Michele Oka Doner’s interest in books, history and archeology comes from embracing a very personal path of aesthetic investigation, which has encountered both critical and public praise. In fact, when she graduated from university, everyone was conforming to the charms of Pop Art and Colour Field Painting, yet she decided instead to pursue her research on the human form in a primitive way, through readings, rituals, explorations and old school, labour-intensive art making. What seemed a foreign language in her work was in reality an expression of the “mere being” of life, to quote Wallace Stevens’s famous poem. Today, her practice invites the audience to partake in a sensory discovery of ancient cosmologies and natural elements which interrogate where we come from and unveil the communal roots of human identity.
At a time when the Western World is resuming wars after only a few decades of relative peace following WWII, deterrents once again have been turned into weapons, and climate change now exposes an urgent need to redefine the relationship between humans and nature, a palm goddess seems prescient, a timely epiphany that what is past is prologue. The nature-inspired element of the goddess, the palm tree, is a universal symbol encompassing many goddess-based civilizations and religions of the Western hemisphere. As the tree of life, the palm tree has been associated with Mesopotamian sects, Jewish mysticism, the rise of Islam, and it has been a recurring presence in the Christian Bible. For the artist, born and raised in the strip of land that constitutes Miami Beach, the palm tree is also a reassuring vision of nourishment — grace and shelter sprout from a fragile ecosystem threatened by rising sea levels, which seems to epitomize the crucial questions of climate change during the so-called Anthropocene, the current epoch in geological time of dangerous human domination over nature in the name of progress.
The Palm Goddess defies a modern definition of time based on speed, performance and appearance, confronting the consecrated columns of turbo-capitalism, to honor the slow cycles of nature that connect past to present. An archetype that is both sacred and worldly, the palm tree embodies protection at a transcendent level the artist has conveyed with both figurative and metaphorical elements. The ancestral branches on the trunk of the tree – both relic and record of what once was – are very pronounced as if they could expose the invisible layers of history. The body of the sculpture is turned and twisted, spiraling upward and forward as if the higher branches were in fact wings unfolding behind it. Michele Oka Doner displays the accretion of time, and as she reconnects past, present and future, she also pays discrete homage to the Nike of Samothrace and the Statue of Liberty, two familiar icons – of the old and modern worlds, respectively – which combine strength, welcoming values and forward vision.

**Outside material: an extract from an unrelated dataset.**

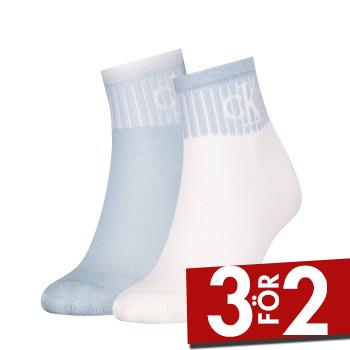 Calvin Klein Strumpor 2P Glossy Rib Quarter Socks Vit/Bl&aring; Strl 39/42 Dam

In fact, The Palm Goddess’s multifaced bronze surface seems to hide a rougher, more intuitive soul, one that encapsulates the ever-changing nature of truth, while its many angles command an aesthetic experience that can neither be commodified nor consumed for instant optic gratification. In a way, the sculpture ostensibly resists Susan Sontag’s 1977 prediction that everything exists to end in a photograph, as different bystanders will see different images in it, or change their initial first-sight impression as they confront it over and over again. Getting to know the Goddess truly requires a slow process of appreciation. As often happens in the artist’s practice, the artwork is a device to think of a future in pre-industrial terms, when change was inscribed in geological rather than human time – in harmony with nature and the astronomical cycles, before human hubris had endangered the planet.